Since we now have all the Winter-themed events starting together this month as part of microwaved seasons, I thought I’d just get my greetings in early.

I’m not quite sure when we decided to bring all these celebrations forward and lump them into a massive spend-fest beginning in early October but this translates to shops full of, well, everything you need for all three events.

You can buy a children’s Halloween outfit - complete with skeleton mask, witch’s outfit and even bloody teeth - alongside boxes of fireworks and Christmas decorations in the same store!

Now, I enjoy the seasonal events like everyone else. It’s fun to see children (and adults) throwing themselves into becoming monsters and ghosts. I’m not a fan of fireworks, apart from official displays, but I love everything else about Bonfire Night, and Christmas is still a time of genuine celebration.

What I really don’t understand is why we have to start going mad in all directions in October. Planning for festive spending and buying presents early is very sensible and some people are quite awesome in how they plan Christmas like a military campaign.

Surely it wasn’t that long ago that we reserved celebrations for all three wintry events much nearer their actual time? And spacing them out increased the fun.

Halloween, thanks to American influence, is now one of our major annual celebrations with huge commercial off-shoots. It can be a rather menacing time for some people, though.

I mean, if you’ve not got your sweets or change ready, expect to either have your windows egged or be at the mercy of a gang of junior Freddie Kruegers or Frankensteins.

For most families, though, it’s just an excuse to get dressed up, slap on the fake blood and scars and have a party. Nothing wrong with that.

Bonfire Night – as those fabulous nostalgic photos in the Bolton News recently showed – has changed forever. It used to be such an exciting time with the smell of burning in the air, going from bonfire to bonfire, planning and building your own (probably in some inappropriate place like the end of the street).

There is still an element of that for young children but feral teens with bangers and a warped sense of fun have altered that. Now, it’s more about giving the dog Xanax and hoping the explosions will stop by midnight.

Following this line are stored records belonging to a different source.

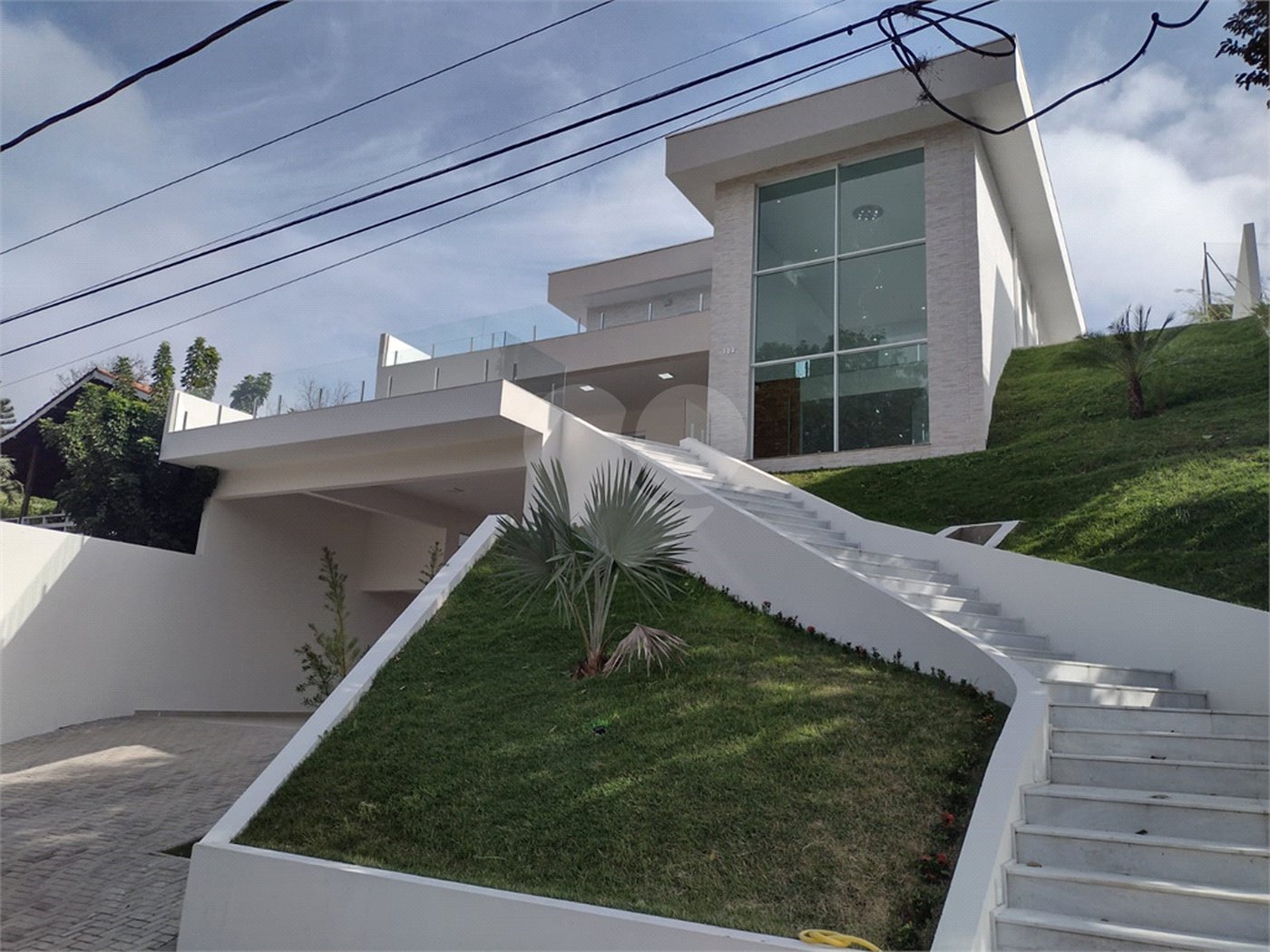 Casa à venda com 4 suítes no condomínio Estância Marambaia, Vinhedo - SP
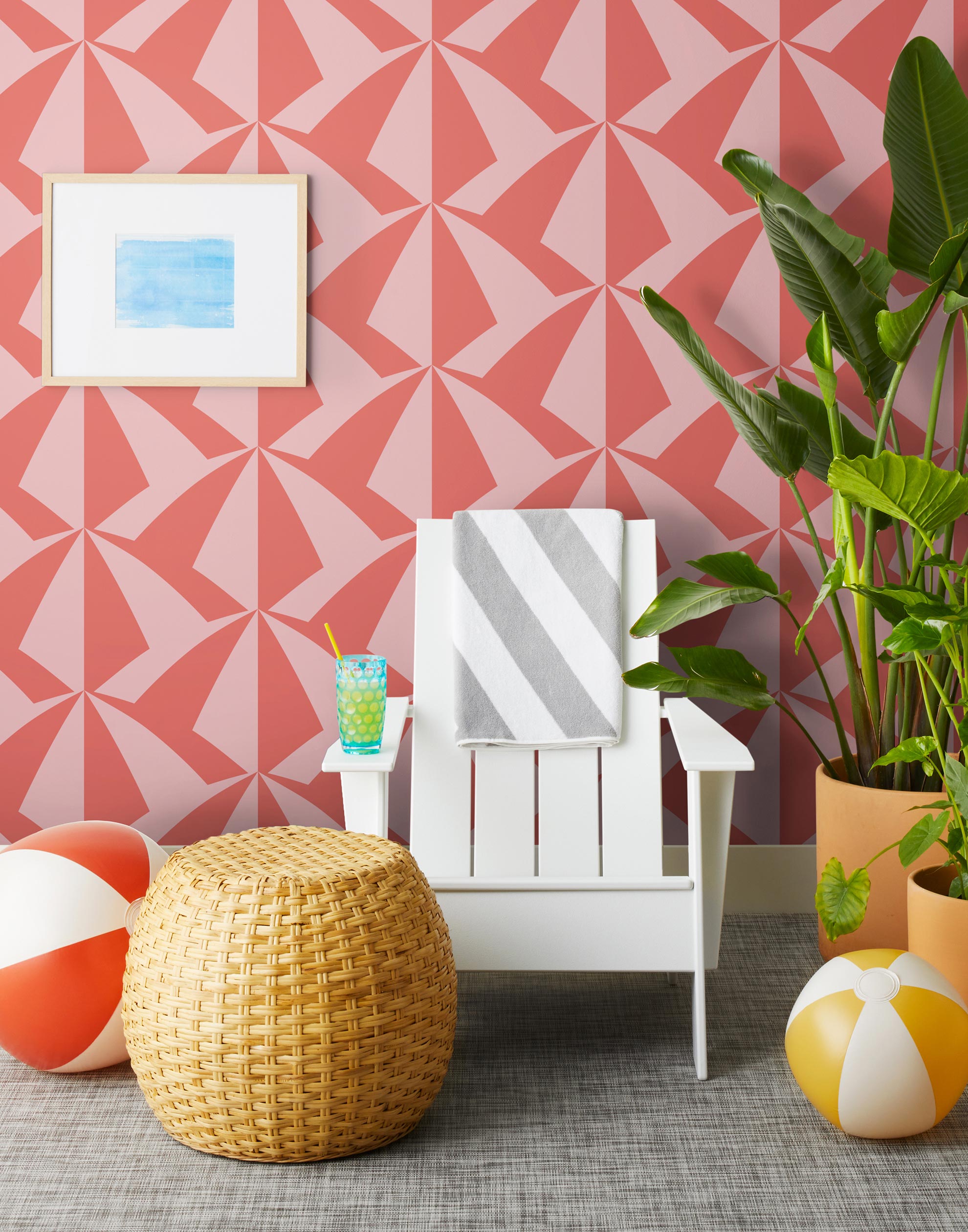 Parasol wallpaper is designed with overlapping shapes of multicolored beach umbrellas. Highly durable, fade resistant, and made in the USA. This wallpaper has a coral print on a pink background and is designed in collaboration with The Aesthetics of Joy.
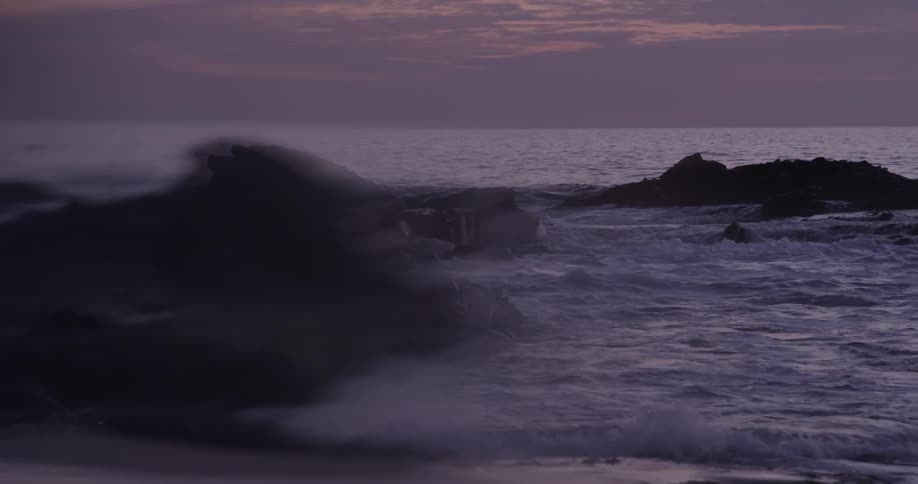 Waves crash among rocks at the beach at dusk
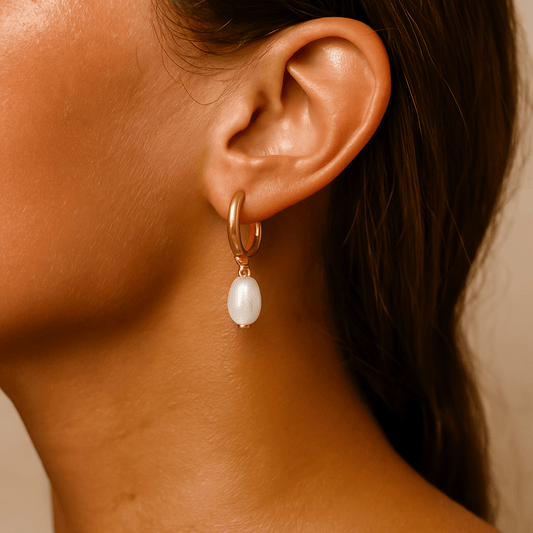 Close-up of an ear wearing a gold hoop earring with a pearl pendant.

Sorry, I seem to have turned into a grumpy old woman and I really don’t mean to. The real cause is such premature Christmas fare in the shops.

Mid-November is soon enough to throw yourself into the festive cheer. To start so early means you can be fed up with it all when December actually begins and then it’s hard to summon up the festive goodwill to get you to December 25.

I promise I will, though. And, as Noddy Holder will shortly be saying absolutely everywhere, “Happy Chriiiiiiiiiistmas!”